The starting height is h_0 = 1. Notice the decay is geometric, not
linear: the drop from bounce 0 to 1 dwarfs the drop from bounce 5 to 6 — which is exactly why a real ball's
bounces get rapidly closer together in time and it seems to "buzz" to a stop.
Because they answer two different physical questions. The impulse answers "what should the velocities
become so the objects separate at the right speed?" — a genuine dynamics question with real
momentum exchange. The penetration, by contrast, is a numerical artefact: it only exists because
we advanced time in a finite step and let the objects overlap. If you tried to fix the overlap by adding
velocity, you'd be injecting momentum the physics never called for — the objects would ping apart faster
each frame. Splitting the two (a "split impulse") lets you shove bodies out of overlap geometrically while
leaving their real velocities untouched.
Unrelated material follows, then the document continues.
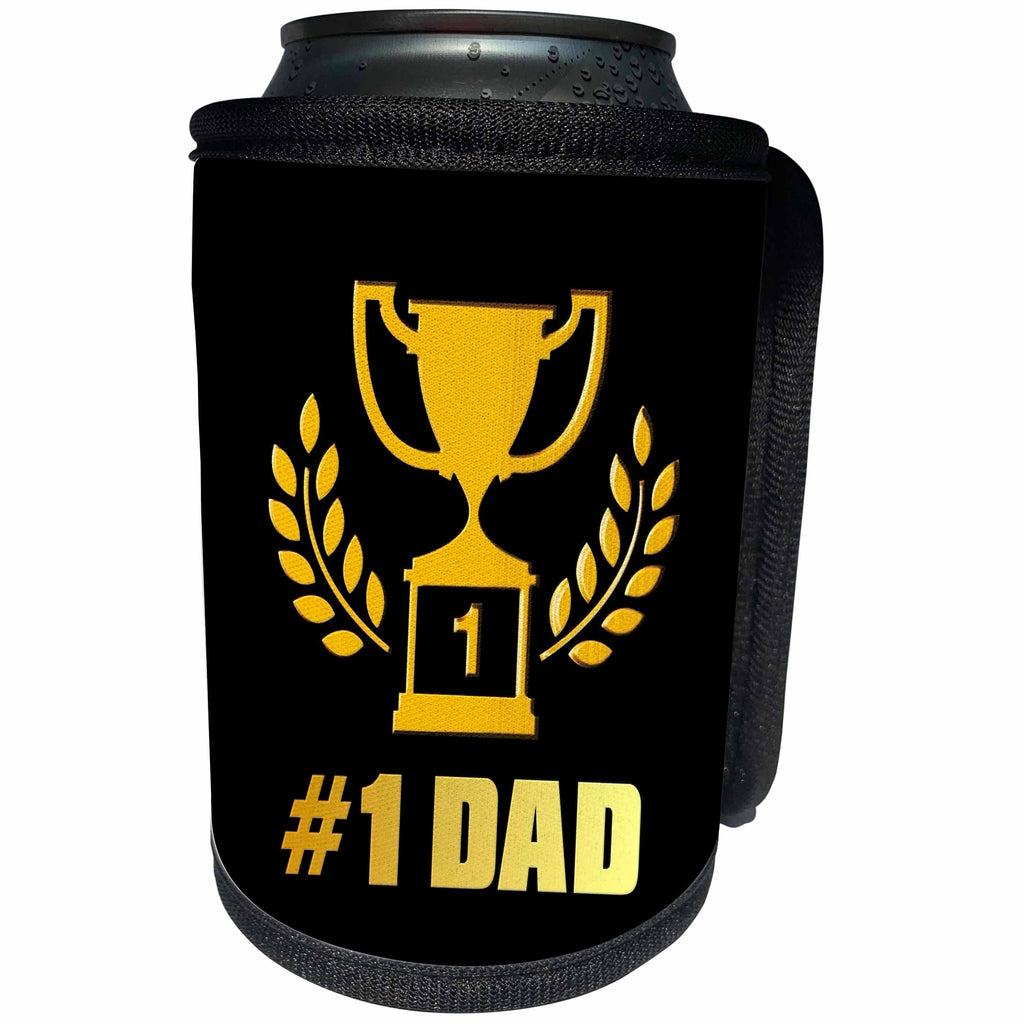 3dRose Russ Billington Designs - Number One Dad- Winners Cup Design in Black and Tonal Yellow - Can Cooler Bottle Wrap (cc_238819)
It's the difference between correcting a bookkeeping error
and changing the actual bank balance.
Two classic ways to blow up your simulation:
Restitution above 1. The formula happily accepts e > 1, and
it will faithfully make each bounce come back faster than it arrived — the ball climbs higher every
time, kinetic energy grows without bound, and within a few seconds the object rockets off the screen. An
e > 1 is a perpetual-motion machine. Always clamp
e \in [0, 1]; energy is conserved only at e = 1 and
lost for anything less.
One pass over a stack. Resolving contacts one at a time with a single sweep
leaves a tall stack unsolved: fixing the top contact un-fixes the bottom one, so boxes sink into each other,
jitter, and slowly settle. The cure is not a bigger impulse — it's iteration. Run the
sequential-impulse loop several times per frame so the coupled contacts converge together. A stack that
sinks or vibrates is almost always starved of solver iterations.